Written by Haley Ruman

If you’ve been following our Facebook page, you’re familiar with our ThinkerSpace Challenges. These challenges are designed to engage students and your own children in project-based learning. As I write these challenges, my goal is to make sure kids can complete the challenge by using materials they can find around the house. 

This week’s challenge jumpstarts your students’ and children’s creativity by having them design the next biggest attraction for summer fun.

Leverage Summer Interests

For your kids, this summer will be unlike any other they’ve experienced. Instead of going to the pool, summer camps, and playing with neighbors until it’s dark, social distancing may mean this summer has different restrictions.

Even if your students and children can’t engage in typical summer activities, incorporate these interests into special summer projects. If they can’t go to the pool, have them design a pool for all of their friends. If they can’t go to camp, have them work virtually with a friend to design their own camp—complete with a daily schedule, crafts, and games.

Summer’s Big Attraction

While I spent a majority of my childhood summers crafting and running around with my siblings, there was one activity that epitomized summer for me: a day at my favorite amusement park, Hersheypark. 

We’d pick up sandwiches from Wawa early in the morning, make the drive to Hershey, and slather ourselves with sunscreen before walking through the front gates. I still remember how excited I got when I saw the largest roller coasters miles before we got to the park.

In this challenge, it’s time for your kids to design the next ride to make a big splash in the amusement park world.

Design an Amusement Park Ride

Design a model for an amusement park ride. How can design it so amusement park goers are excited and filled with anticipation when they see it?

Amusement park rides are all about the physics behind movement. Before designing your ride, learn about Sir Isaac Newton’s three Laws of Motion.

First Law of Motion: This law states that an object at rest (not moving) tends to stay at rest and a moving object tends to stay in motion unless acted upon by another force. For example: The ingredients to make cookies will not mix together unless I use force and a spoon to stir them up.

Second Law of Motion: This law states that the acceleration of an object (how quickly it speeds up or slows down) is dependent on the force acting upon that object, as well as its mass (amount of matter in an object). For example: My car will move at a faster rate if I press harder on the gas pedal. I can also increase the acceleration faster on a smaller object, like a baseball, than a larger object, like a refrigerator.

Third Law of Motion: This law states that every action has an equal and opposite reaction. For example: If I kick a soccer ball, the soccer ball will go flying—how far or high depends on how much force I use to kick the ball.

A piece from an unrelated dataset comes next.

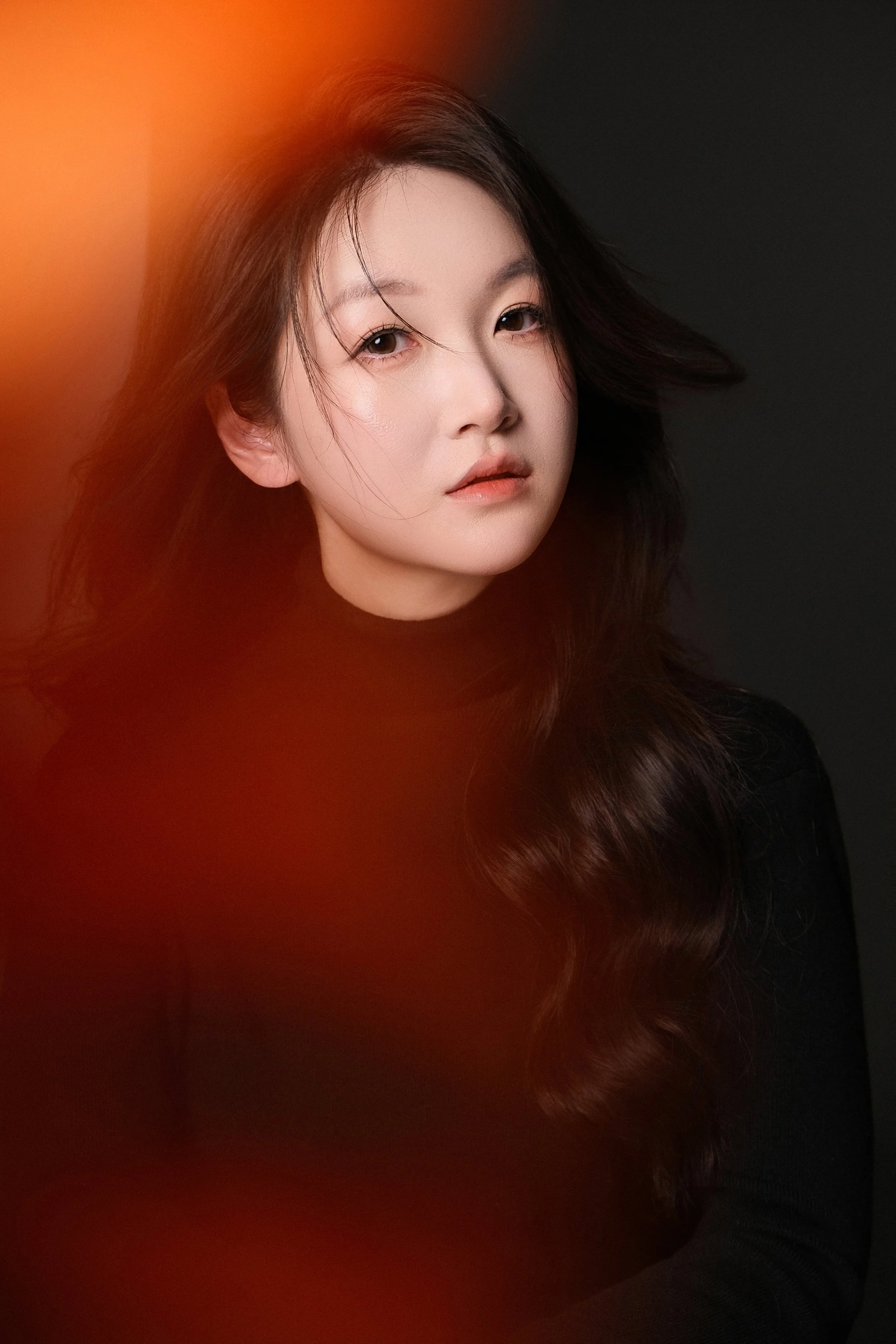 Portrait of a woman with long dark hair, neutral makeup, and wearing a black top, against a dark background with an orange light flare on the left side.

The success of your amusement park ride will also depend on gravity.

Gravity is a force that draws an object toward a larger object. It’s very hard to measure the gravitational force between a basketball and a baseball, but it is much easier to measure the gravitational force between a basketball and the Earth because Earth is so much larger! 

Another physics concept that may impact your ride is centripetal force. Centripetal force keeps an object moving in a curved path around the center of rotation. 

When you put your ride to the test, you will see these laws of physics in action. You will be able to defend the success and safety of your ride by backing it up with scientific reasoning.

As you start designing your amusement park ride, consider these questions:

  • How can you use gravity to your advantage to keep your ride moving?
  • How much force would be required to make your ride work? How will you create that force?
  • How can you use themes and design to get amusement park guests to try your ride?
  • How will you keep riders safe throughout your ride?
  • How can you test the function of your ride?

Let’s get started with your challenge!

  1. Explore amusement park websites to learn about different types of rides.
  2. Brainstorm the ride you want to design. Consider the theme, colors, and design you will use.
  3. Sketch your ride. Label with the materials you would use to build the ride. Consider using graph paper to help draw straight lines.
  4. Build a scale model of your ride, complete with moving parts.
  5. Test your ride for functionality and the safety of the riders.
  6. Make improvements as needed.
  7. Share your design with friends, family, or your local amusement park. Be sure to explain the physics behind your ride.

tart by exploring the three Laws of Motion. Guide students through several activities that ask students to test these laws. Have students build a simple amusement park ride, like a carousel, ferris wheel, or swing ride. Ask them to explain why it works. 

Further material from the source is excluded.